Consolidated Interest Expense shall not include the portion of the
payments due under the terms of “mandatory” convertible
or “mandatory” exchangeable securities (it being
understood that such exchangeable securities refers to securities
exchangeable into equity) representing contract adjustment payments
(including interest accretion on the contract adjustment payment
related liability) or the interest accruals under the Paris Profit
Sharing Plan.
“ Consolidated Leverage
Ratio ”: as at the last day of any period, the ratio of
(a) Consolidated Total Debt on such day to (b) Consolidated
Adjusted EBITDA for such period.
“ Consolidated Net
Income ”: for any period, the net income (or loss) of the
Company and its Subsidiaries on a consolidated basis for such
period taken as a single accounting period determined in conformity
with GAAP; provided , that there shall be excluded (a) any
net after-tax extraordinary or nonrecurring or unusual gains,
losses, expenses or charges, including without limitation those
attributable to business dispositions, asset dispositions (other
than in the ordinary course of business), discontinued operations
and the early extinguishment of indebtedness, (b) any fees,
expenses or charges related to any offering of equity interests or
debt of any kind (including those relating to the Recapitalization
and the IPO) or related to any acquisition or merger or similar
transaction (whether or not successful), including any fees,
expenses,
5
charges or change in control
payments related to such transaction, (c) the impact of any
cumulative change in accounting principles during the applicable
period, (d) any non-cash impairment charge or asset write off
resulting from the application of SFAS 142 and 144, and the
amortization of intangibles arising pursuant to SFAS 141 and (e)
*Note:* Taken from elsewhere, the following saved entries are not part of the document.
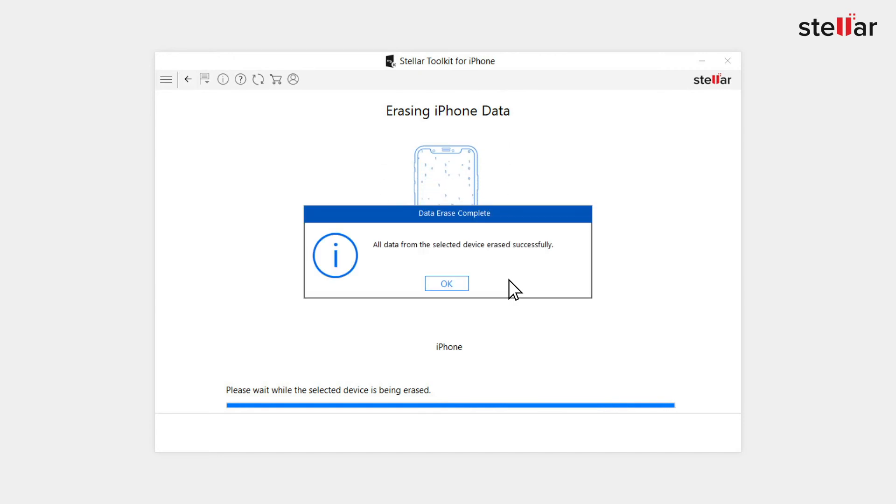All data from the selected device erased successfully message appears soon after the successful completion of the erasure process. Click OK.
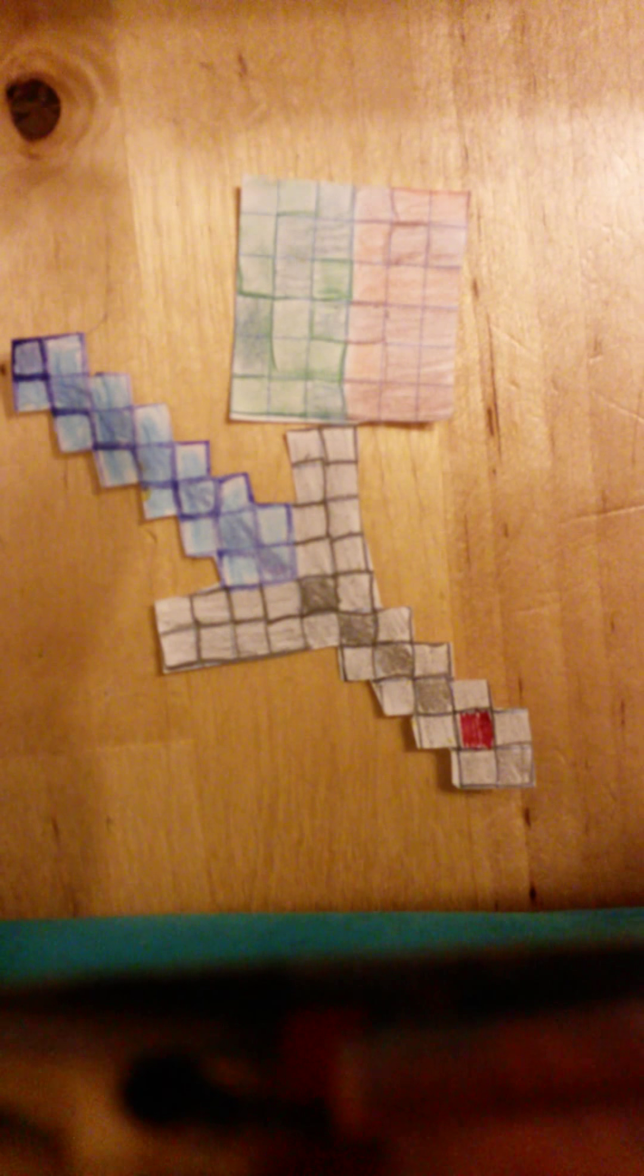Hi, I'm going to be showing you how to make this and this. It's really easy and what you need is some squared paper, scissors, and coloring pencil crayons.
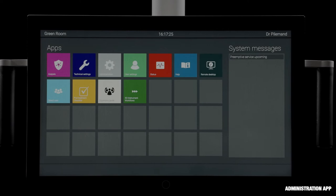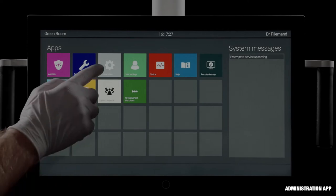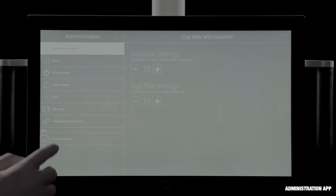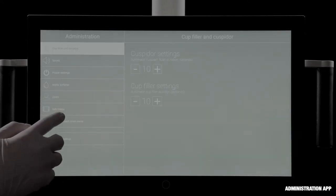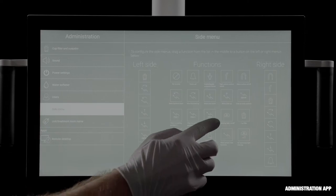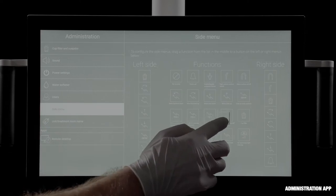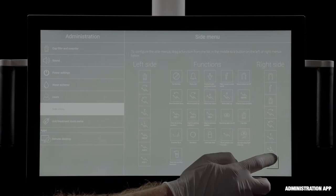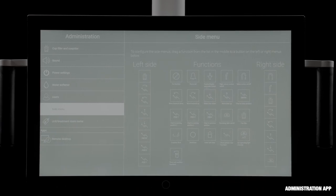The Administration app is used to configure the unit. It's possible to change the setup of the buttons in each side of the dashboard. Just drag and drop the selected function to a specific button.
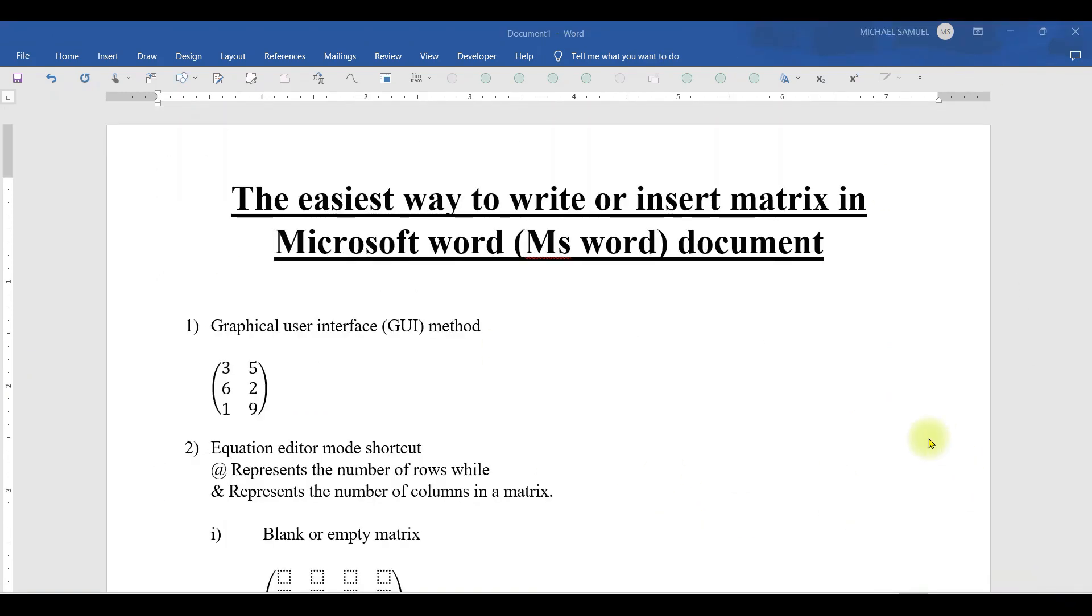Today I want you to learn the easiest way to write or insert matrices in Microsoft Word document. Perhaps your mathematics teacher, your physics teacher, this is the right place for you to be.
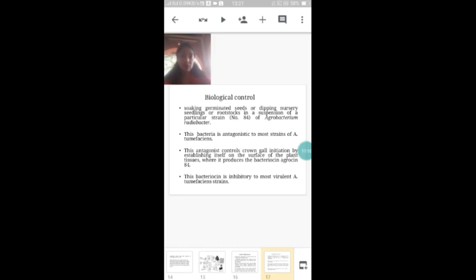So that's all about crown gall disease. Watch this video — it will be useful for you. Thank you.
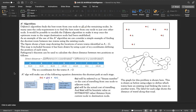Today we'll be discussing the A* algorithm and how it works. It's a variation on the Dijkstra algorithm that finds the shortest path between two nodes. Unlike Dijkstra's algorithm, which finds the best route from one node to all remaining nodes, A* only returns the shortest path between one source and one destination.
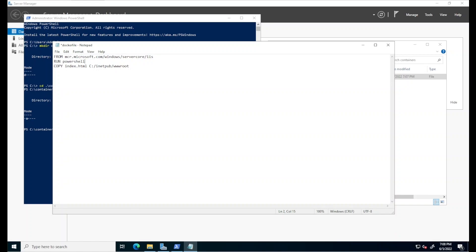The second line specifies which commands to be run on the new container image once it's executing. We could include commands for installing software or creating files and directories, but in this case, we're just instructing Docker to run PowerShell on the container once it's running.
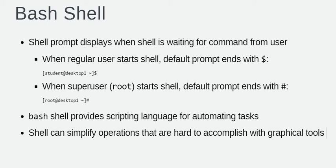The shell has additional capabilities that can simplify or make possible operations that are hard to accomplish efficiently with graphical tools.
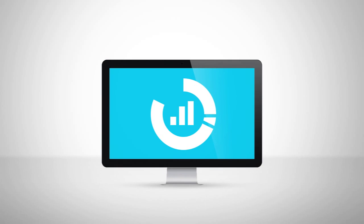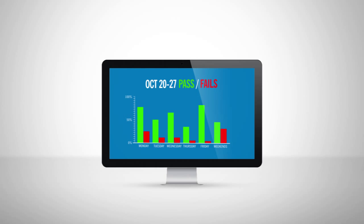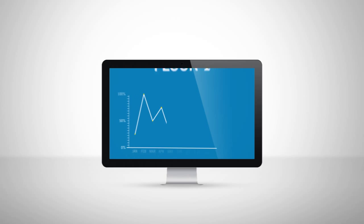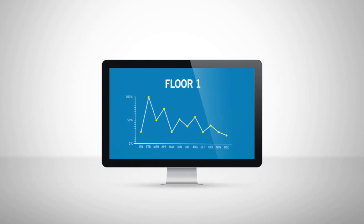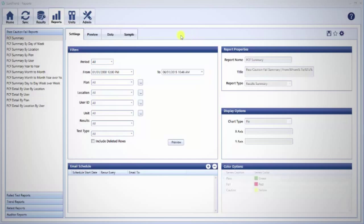The Reports tab is the most useful and powerful component of SureTrend software. Here you will generate reports and graphs for trend analysis, problem solving, personnel performance evaluation, and record keeping.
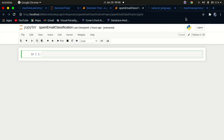Hi YouTube, welcome back to my channel. In today's tutorial, I'm going to go over how to create an email spam detection using machine learning. We're going to create a model that can tell us if an email will be spam or not — whether it will be in the spam folder or not. That's what we're going to create in this tutorial.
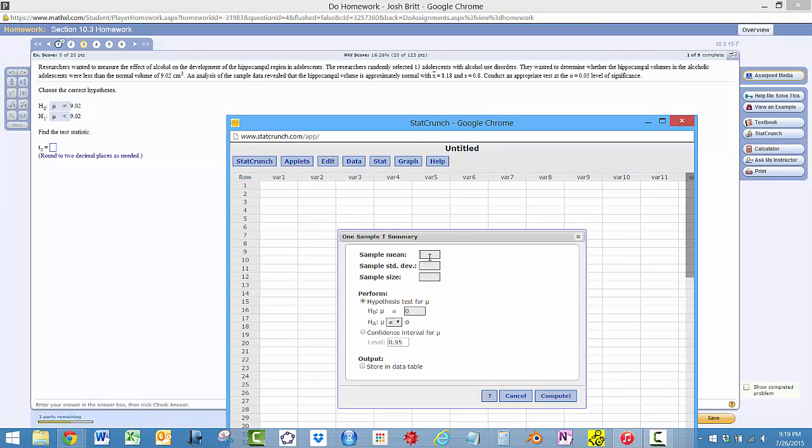Sample mean, 8.18. Sample standard deviation, 0.8. Sample size, how many? 13 adolescents they selected.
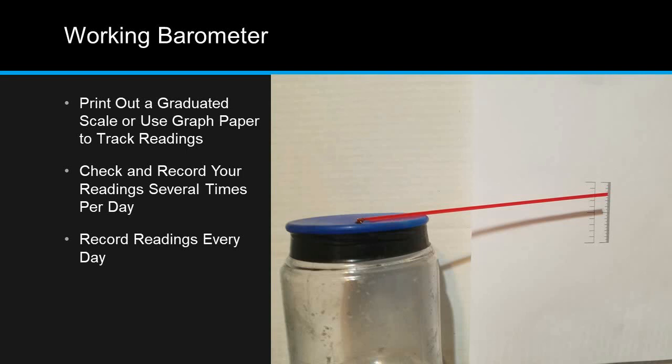Over time, you'll notice that these readings will help you to accurately forecast changes in the weather.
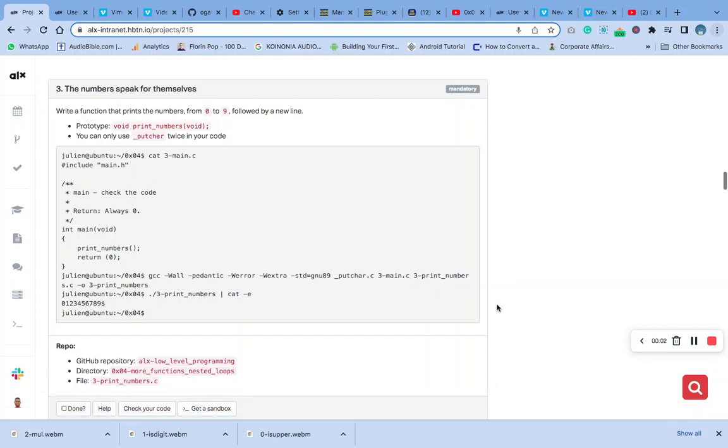Hello, welcome to question three of the more functions and more nested loops. This question says write a function that prints the numbers from zero to nine followed by a new line.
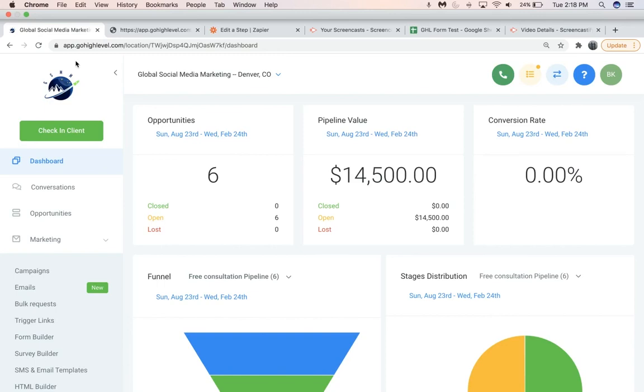So guys, that is how you create a funnel in Go High Level. Hope you liked the video. And if you have any questions, just comment below. Till next time.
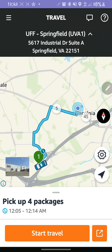Hello everyone. I recently started using the Amazon Flex app and I wanted to use an external navigation app rather than the Amazon Flex navigation. When I tried it as a newbie, it took me to Google Maps by default. I couldn't figure it out, and I tried to find some videos to help me but couldn't, so I figured it out myself and wanted to make a video for anyone facing a similar problem.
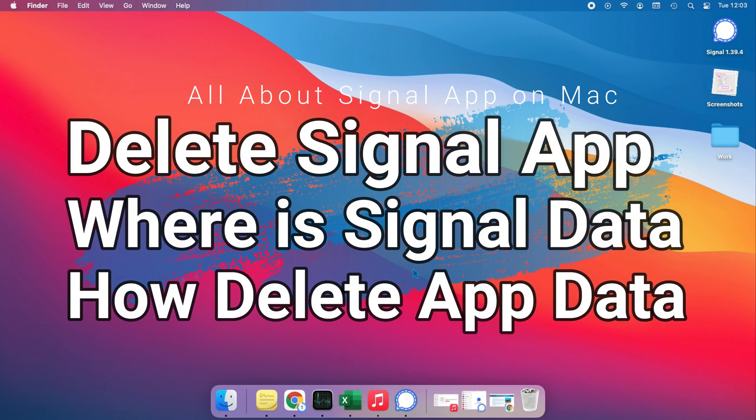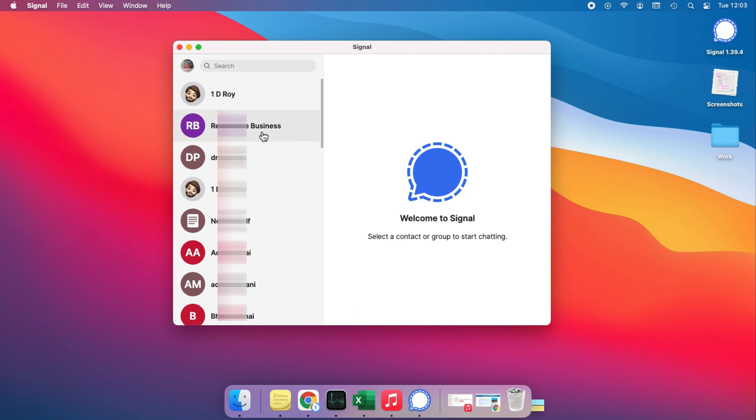Hello friends, welcome to my channel. Here I'm going to show you where Signal data is saved on Mac and how to delete Signal data from the Mac system folder, and then delete the app completely on the system.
any non-cash expenses realized or resulting from employee benefit
plans or post-employment benefit plans, grants of restricted stock,
restricted stock units, stock appreciation rights, stock options or
other rights, or one-time non-cash compensation charges (including
any cash expenditure for the acquisition of equity interests of
Holdings to be so granted to the extent that Holdings or any of its
subsidiaries contributes to or otherwise invests in the equity of
the Company a corresponding amount of cash). In addition,
Consolidated Net Income shall be reduced by an amount equal to the
tax distributions (computed on a cash basis) in accordance with the
Company’s operating agreement.
“ Consolidated Total
Debt ”: at any date, the aggregate principal amount of
all Indebtedness of the Company and its Subsidiaries at such date,
determined on a consolidated basis in accordance with GAAP;
provided that, without duplication, “Consolidated
Total Debt” shall not include the Indebtedness of Lazard
Frères Banque or any Broker-Dealer Indebtedness (other than
Broker-Dealer Indebtedness that is included in the calculation used
to determine the capital requirements of any of the Company’s
Subsidiaries) or the Intesa Notes (and any Indebtedness of equal or
junior ranking up to the amount of the Intesa Notes to the extent
such notes have been repaid).
“ Continuing Directors
”: the directors constituting Holdings’ Board of
Directors at the close of business on the Effective Date, and each
other director, if, in each case, such other director’s
nomination for election to the Board of Directors of Holdings is
recommended or approved by at least a majority of the then
Continuing Directors.
“ Contractual
Obligation ”: as to any Person, any provision of any
security issued by such Person or of any agreement, instrument or
undertaking to which such Person is a party or by which it or any
of its property is bound.
“ Default ”: any
of the events specified in Section 9, whether or not any
requirement for the giving of notice, the lapse of time, or both,
has been satisfied.
“ Designated Asset Sale
”: the sale, transfer or other disposition of any Capital
Stock of any Designated Subsidiary, or issuance of any Capital
Stock of any Designated Subsidiary, in each case to a Person other
than the Company or a Wholly Owned Subsidiary of the
Company.
“ Designated Subsidiary
”: each of Lazard Frères & Co. LLC, Lazard Asset
Management LLC, Lazard & Co., Limited and Lazard Frères
SAS and each of their respective successors.
“ Disposition Amount
”: as defined in Section 2.18.
“ Effective Date
”: the date of this Agreement.
6
“ Equity Security Units
”: the equity security units with a stated amount of $25
consisting of (a) a contract pursuant to which the holder agrees to
purchase, for $25, shares of Class A common stock of Lazard Ltd on
May 15, 2008 and (b) a 1/40, or 2.5%, ownership interest in a
senior note of Lazard Group Finance LLC, with a principal amount of
$1,000.
“ ERISA ”: the
Employee Retirement Income Security Act of 1974, as amended from
time to time.
“ Eurocurrency Reserve
Requirements ”: for any day as applied to a Eurodollar
Loan, the aggregate (without duplication) of the maximum rates
(expressed as a decimal fraction) of reserve requirements in effect
on such day (including, without limitation, basic, supplemental,
marginal and emergency reserves under any regulations of the Board
or other Governmental Authority having jurisdiction with respect
thereto) dealing with reserve requirements prescribed for
eurocurrency funding (currently referred to as “Eurocurrency
Liabilities” in Regulation D of the Board of Governors)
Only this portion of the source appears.